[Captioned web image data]
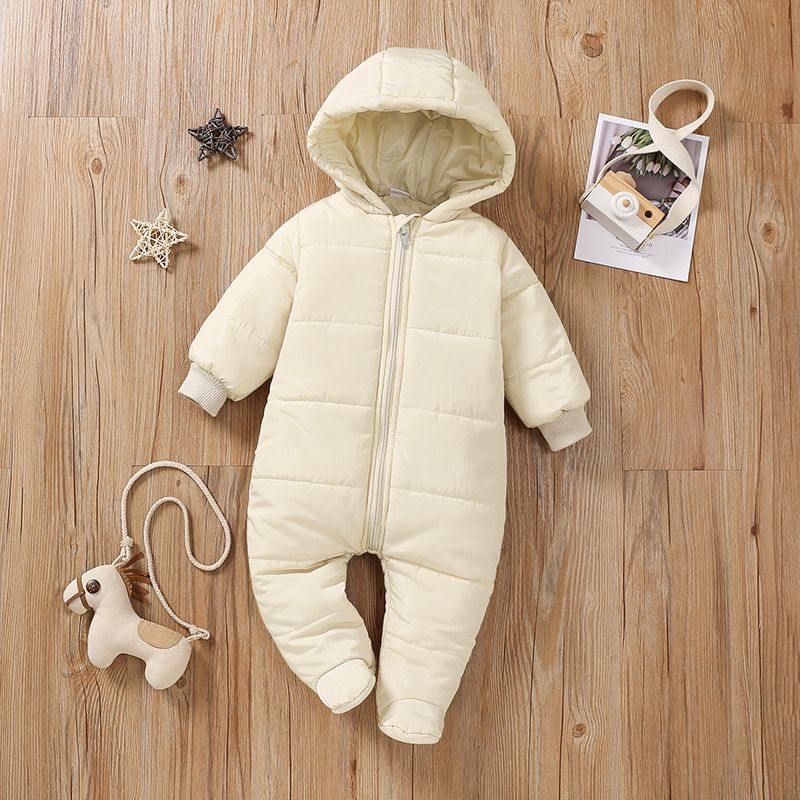 Baby Boy/Girl Solid Hooded Long-sleeve Footed Thermal Thickened Winter Jumpsuit Beige big image 2
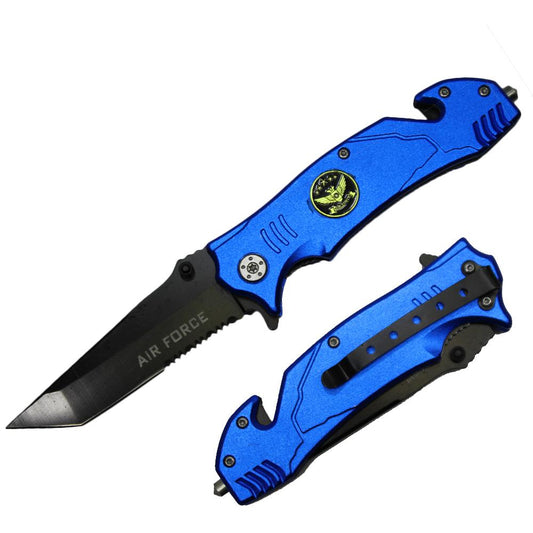 YC 47051-AF 4.5" Blue Air-Force Assist-Open Metal Handle Rescue Knife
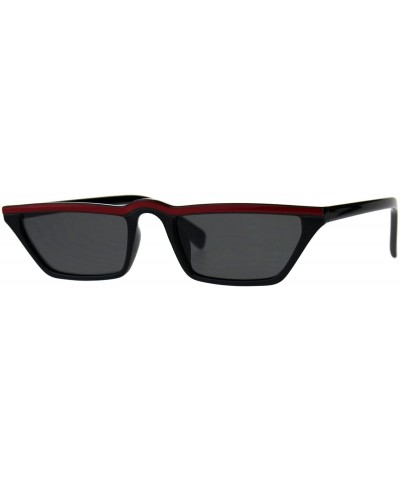 Cat Eye Womens Retro Vintage Narrow Flat Top Cat Eye Plastic Hippie Sunglasses - Black Red Black - C818CGNWQ5K $11.87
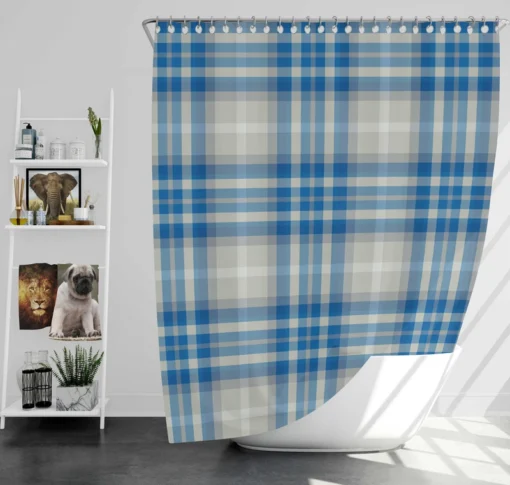 Blue Grey Check Plaid Shower Curtain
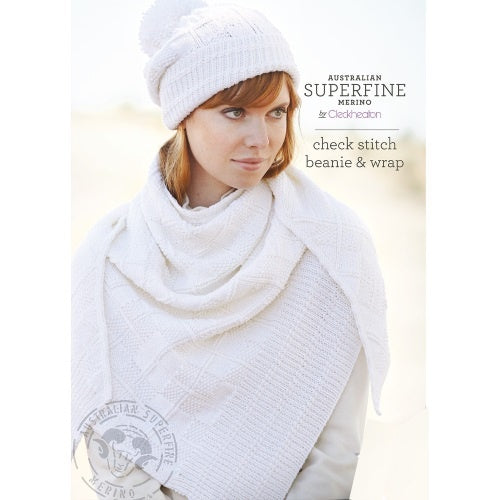 452 Check Stitch Beanie & Wrap - Australian Superfine Merino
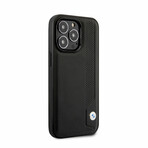 Leather Signature Collection // Genuine Leather iPhone Case // Hot Stamp Line + Blue Dots (iPhone 14)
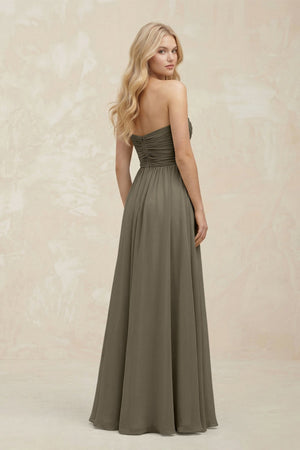 A - Line Sweetheart Pleated Chiffon Bridesmaid Dress in Willow Green - SHE IS ME Bridesmaid Dresses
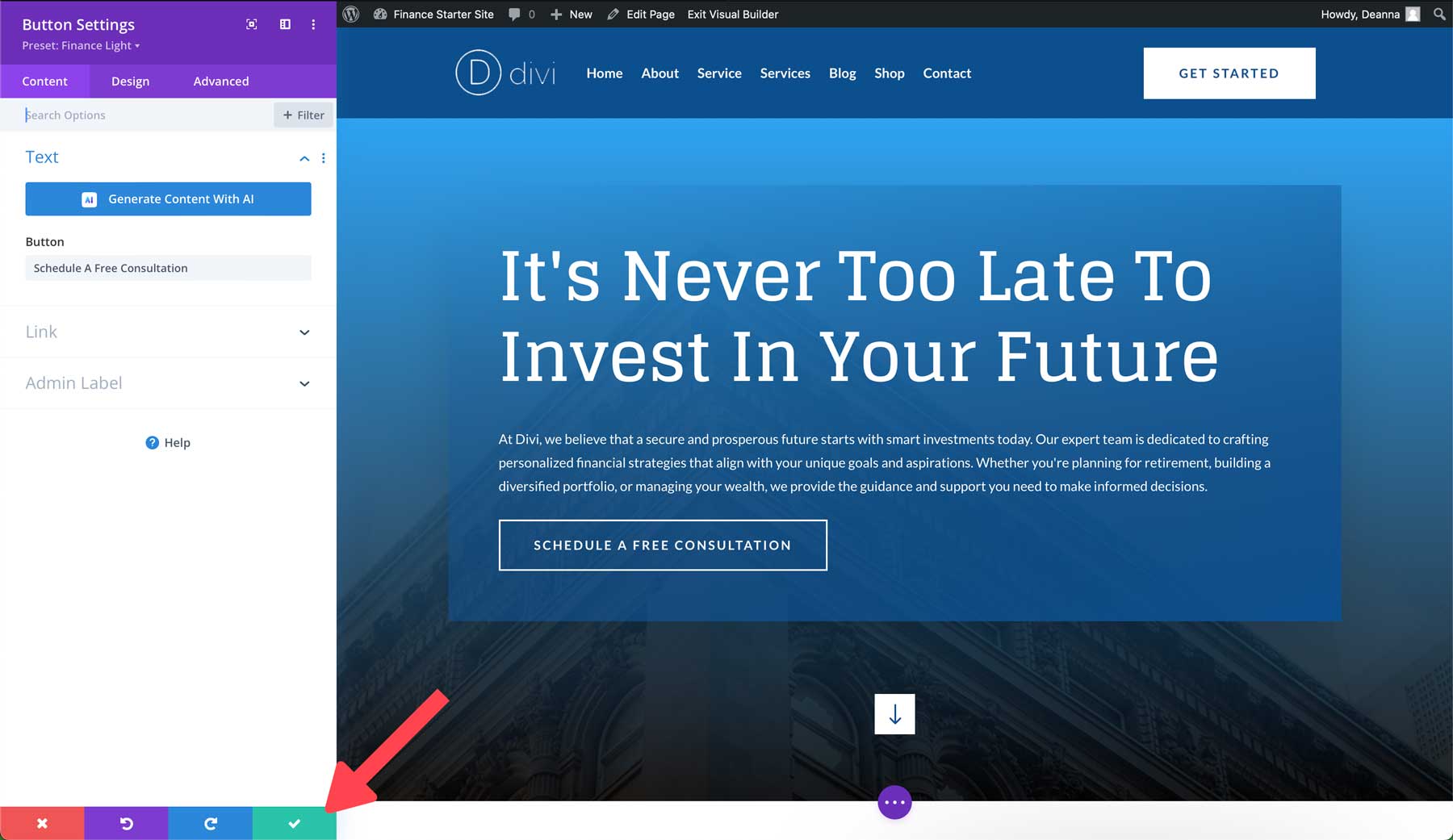 Finance starter site for Divi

• **Goal of the exercise**: Write out again every line above exactly as given; the pictures do not belong in the copy.

• **Exercise result**:
 Baby Boy/Girl Solid Hooded Long-sleeve Footed Thermal Thickened Winter Jumpsuit Beige big image 2
 YC 47051-AF 4.5" Blue Air-Force Assist-Open Metal Handle Rescue Knife
 Cat Eye Womens Retro Vintage Narrow Flat Top Cat Eye Plastic Hippie Sunglasses - Black Red Black - C818CGNWQ5K $11.87
 Blue Grey Check Plaid Shower Curtain
 452 Check Stitch Beanie & Wrap - Australian Superfine Merino
 Leather Signature Collection // Genuine Leather iPhone Case // Hot Stamp Line + Blue Dots (iPhone 14)
 A - Line Sweetheart Pleated Chiffon Bridesmaid Dress in Willow Green - SHE IS ME Bridesmaid Dresses
 Finance starter site for Divi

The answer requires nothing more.